Sabahın erken saatlerinde Sebahat Tuncel’in ağlayarak ‘Lütfen hastanenin önünde birikmeyelim, kalabalık hastaları ve hekimleri rahatsız ediyor. Nazım Hikmet Kültür Vakfı’nda arkadaşlarımız misafirlerimizi ağırlayacaklar’ dediğinden anlaşılan hastanenin bir miting alanına döndüğüydü.

Daha 8 yaşındayken TİP Adıyaman İl Başkanı Baba Ziya Önder’i kayıp ettiklerinden sonra Ana Zeliha ve 4 yetim kardeş, kör bir dedenin evine sığınmışlardı…
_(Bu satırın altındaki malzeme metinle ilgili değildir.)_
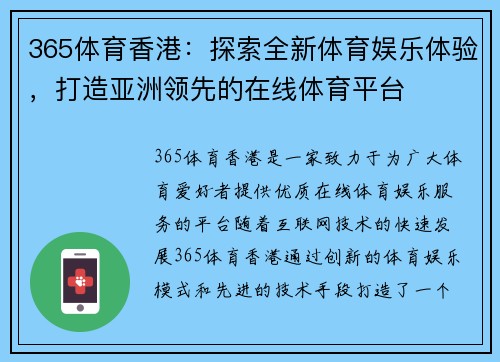 365体育香港：探索全新体育娱乐体验，打造亚洲领先的在线体育平台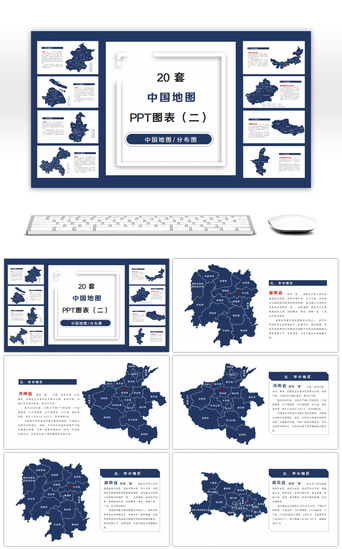 中国地图PPT模板_深蓝色中国地图PPT图表合集（二）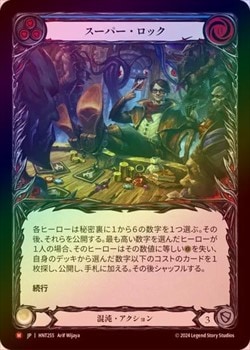 mtg 超稀少 世界に8枚 刻印入り ディアボロス 非FOIL 2枚セット Rainbow Foil》《日》[混沌] スーパー・ロック/[Chaos]Spur Locked [M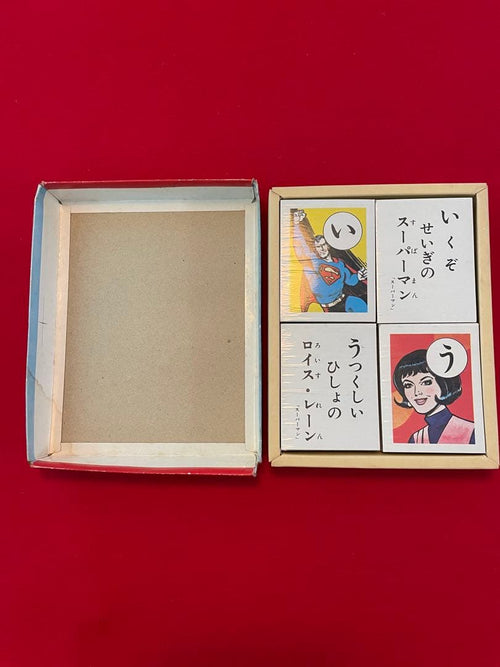 Karuta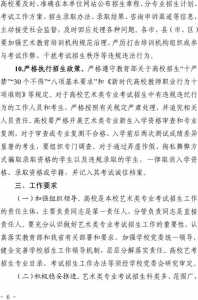 浙江省2024年高考政策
Daha çocuk yaşlarında fotoğrafçı çıraklığı yaparak yoksul aile bütçesine yardım etmeye çabalıyordu. Bir konuşmasında “günde bir çeşit yemek yerdik ya kuru fasulye ya da bulgur pilavı. Bir ikinci yemek olmazdı” derken ne menem bir yoksulluk illetinin yakalarına yapıştığını anlıyordunuz.

Daha ilk gençlik yıllarında Maraş’ta yaşanan katliamın protesto mitingine katılıp 16 yaşında zindanla tanıştı. Adıyaman Lisesinin ardından Ankara Siyasal Bilgiler Fakülte’sine girdi. 12 Eylül 1980’de tutuklanıp 12 yıl ceza aldı. Gençliğinin yedi yılını Mamak, Ulucanlar ve Haymana cezaevlerinde geçirdi.105 gün boyunca Ankara Derin Araştırma Laboratuvarı’nda (DAL)’da işkencede kaldı. Mamak Zindanı ayrı bir cehennem apayrı bir işkence merkeziydi. Burada yaşadıklarını ironik bir dille anlatır, generalleri tiye alırdı.
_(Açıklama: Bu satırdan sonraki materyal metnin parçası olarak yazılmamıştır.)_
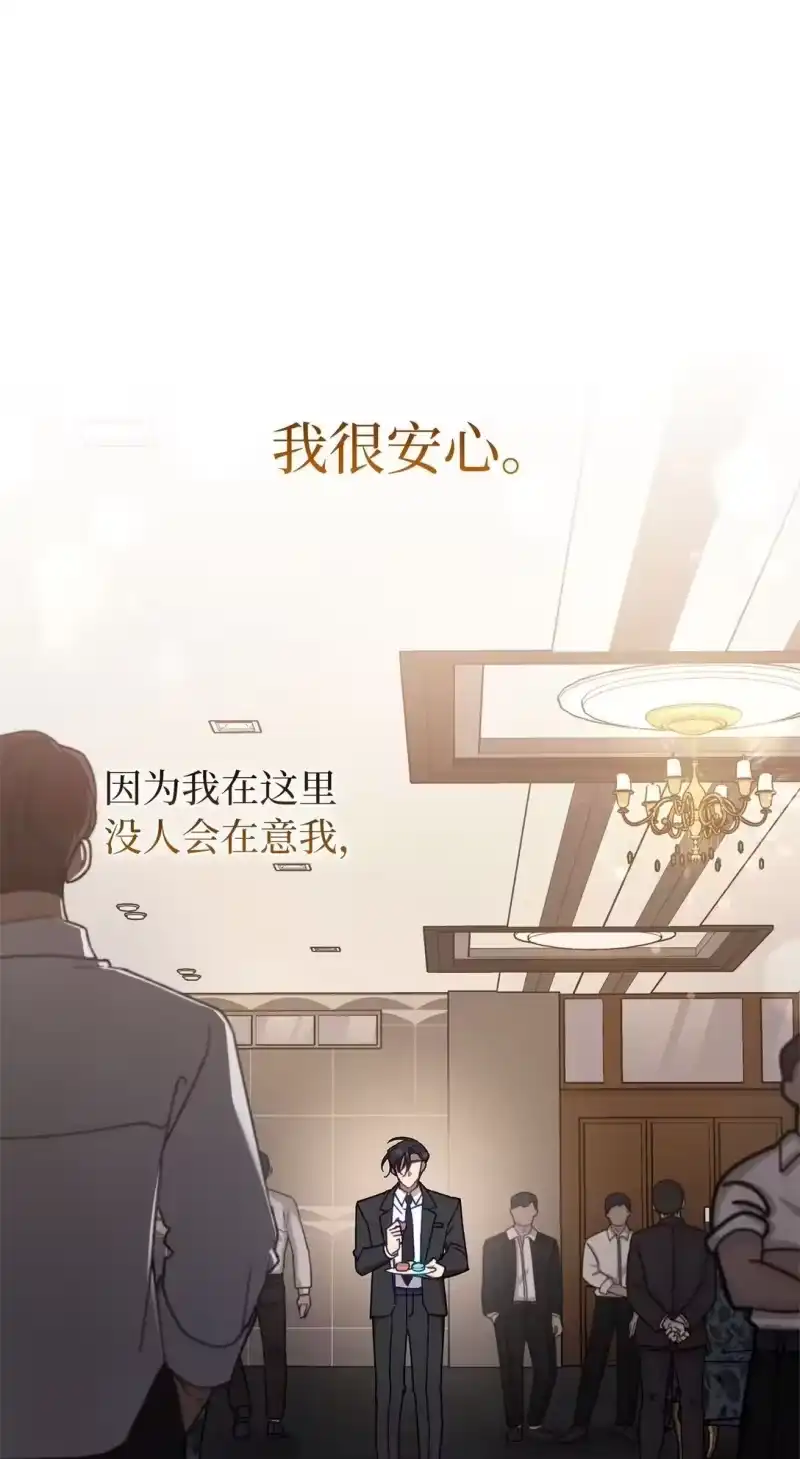甜蜜的S级向导_h 05 C级公会 第39页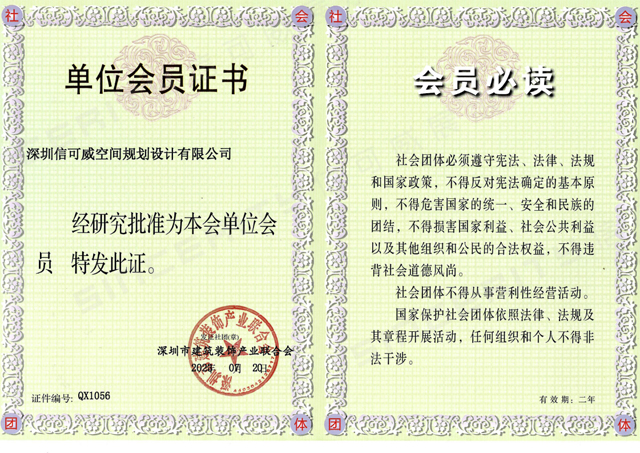 深圳9001aa金沙登录荣获深圳市建筑装饰产业联合会(深装联)证书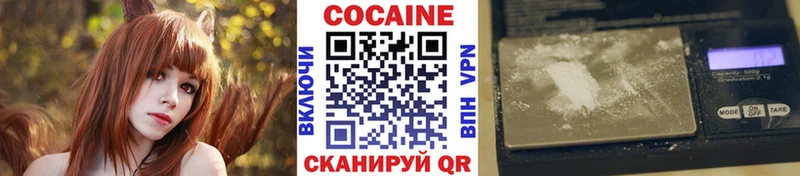 КОКАИН VHQ  Мирный 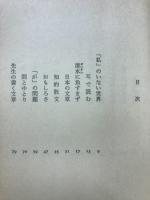 日本の文章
Bir ayrıntıyı buraya not olarak düşelim. İşkenceci Albay Raci Tetik 1970’li yıllardan beri Mamak Askeri Cezaevinde müdürdür. Elinde İlhan Erdost, Mustafa Yalçın’ın ve birçok devrimcinin kanı vardı. Deniz’lerin idamını purosunu içerek zevkle seyretmişti. Sırrı Süreyya ”Bazı insanlar öldürmek için yaşıyorlar, bazı insanlar da var ki yaşatmak için ölüyorlar” derken genel durumu çok güzel özetlemişti.
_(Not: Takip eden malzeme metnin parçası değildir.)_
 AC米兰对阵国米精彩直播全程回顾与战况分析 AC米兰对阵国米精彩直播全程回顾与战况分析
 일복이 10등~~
Baba Ziya Önder’den beri sanki Türkiye’nin yakın tarihini bir bedende toplamış adına da Sırrı Süreyya Önder demişlerdi. Her şey vardı bu bedende: Çıraklık, mevsimlik işçilik, uzun yol kamyon şoförlüğü, lastik tamirciliği, seyyar satıcılık, inşaat işçiliği yaptığı işlerden bazılarıydı. Hatta kısa süre imamlık yaptığı cenaze yıkayamam deyip istifa ettiği de söylenenler arasındaydı. Neresinden bakarsanız çok derin bir yoksulluk görürsünüz. Dedik ya bir bedende çok şey toplamıştı. Zindan sonrası derin entelektüel bilgisiyle sanat, felsefe, dizi, film, senaryo, köşe yazarlığı ve de milletvekilliği. Çok rahatça söyleyebiliriz ki zindanı çok iyi değerlendirip heybesini doldurarak çıkmıştı.

Kemal Tahir ‘Biz yaşadığımız zulmü masal gibi anlatırız’ der. Sırrı Süreyya’da derin ironileriyle kırıp geçirerek anlatırdı. Beynelmilel filmini seyretmişsinizdir. 12 Eylül dönemini mizahi bir dille hicvederek çok güzel anlatıyor. Beynelmilel demişken oyuncu kadrosuna bakınca Kahtalı Mıçe, Dilberay’ı görürken arka planı düşünüyorsunuz. Her ikisi de arkadaşıdır. Hapisten çıktıktan sonra herkes arkasını dönüp kaçarken ilk ziyaretçisi Kahtalı Mıçe olmuştur. O’da Kürtçe şarkı söylediği için işkence tezgahından geçirilmiştir. Hoşbeşten sonra Mıçe ”Sana çok eziyet ettiler mi Sırrı der ve cebinden kendi gücü yettiğince biraz para çıkarıp minderin altına koyar. Sırrı Süreyya ‘ne yapıyorsun Mıçe?’ dediğinde Mıçe, “insan halidir gardaş zindandan yeni çıktın. Almanya’dan gelmedin ya” der.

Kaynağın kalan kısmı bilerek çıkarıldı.